Better Listen to Saul

In the latest episode of the excellent Re/code Media Podcast, host Peter Kafka (who will be onstage talking media with me at hivio in June) interviewed Peter Gould, the co-creator of TV’s Better Call Saul, a terrific show and the spinoff to the amazing Breaking Bad.

One thing Peter said stuck with me:

“The job of each episode is to make you want to watch the next episode.”

You bet it is.

But if you’re a DJ, do you see that as your job? Is it the job of every break to make listeners want to tune in the next break? Or is it the job of every break to sell some stuff and get back to music before the PPM meters slap you upside the head?

Well we need to be great all the time, you may say. This is about much more than great performance in the moment, because there’s nothing about great performance inthis moment that assures folks need to listen to the next moment.

This is where all your granular ratings analysis trips you up. Failure to retain audience is not just about what you’re doing now – it’s also about the fact that listeners don’t expect that what you’re doing next is worth listening for. If the last thing they hear doesn’t make them want to hear the next thing you do, you have failed.

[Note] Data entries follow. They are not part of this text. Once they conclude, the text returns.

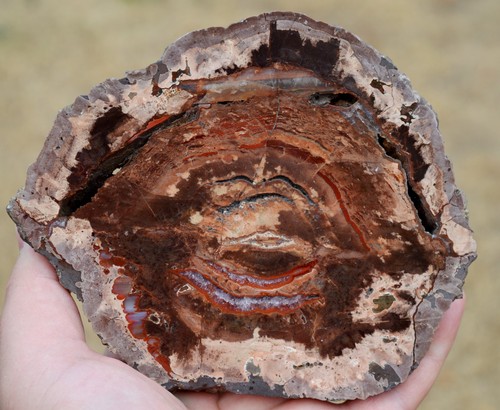 Agate quartz lithophyse - quartz, "lithophyse"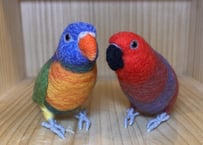 お客様専用ハルマヘラオオハナインコ＋アカエリゴシキセイガイインコ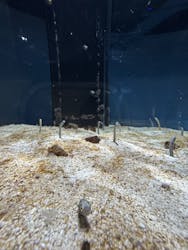 AQUARIUM × ART　atoaに投稿された画像（2025/6/16）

And when folks tune away, what is supposed to make them come back? Either they’ll return because of random button-punching or because of your consistently solid performance (your “brand power”) or – and this is the biggie – because you have made them want to listen to what happens next.

It’s common for radio broadcasters to use tricks to “extend time spent listening.” Well, the best trick is to use every break to make listeners want to tune in the next one.

Ditto for morning shows.

Obsess about extending time spent listening all you like but if a commute is only 20 minutes long it’s your next episode you should be worrying about, not your next quarter-hour. What have you done that makes me want to listen again during my next morning commute tomorrow?

Too much of radio happens in what I call the “eternal now” – with no emphasis on the past or the future. But stories that matter to us build over time. They’re dotted with peaks and valleys, with moments of great suspense and great relief. And the greatest stories spin off in multiple directions, whether we’re talking about a story universe set a long time ago in a galaxy far, far away, or one set in Albuquerque in the the early 2000’s.

If the job of every morning show is to make you want to listen to the next day’s show, what are you doing every single day to propel that story forward and make tomorrow a must-hear?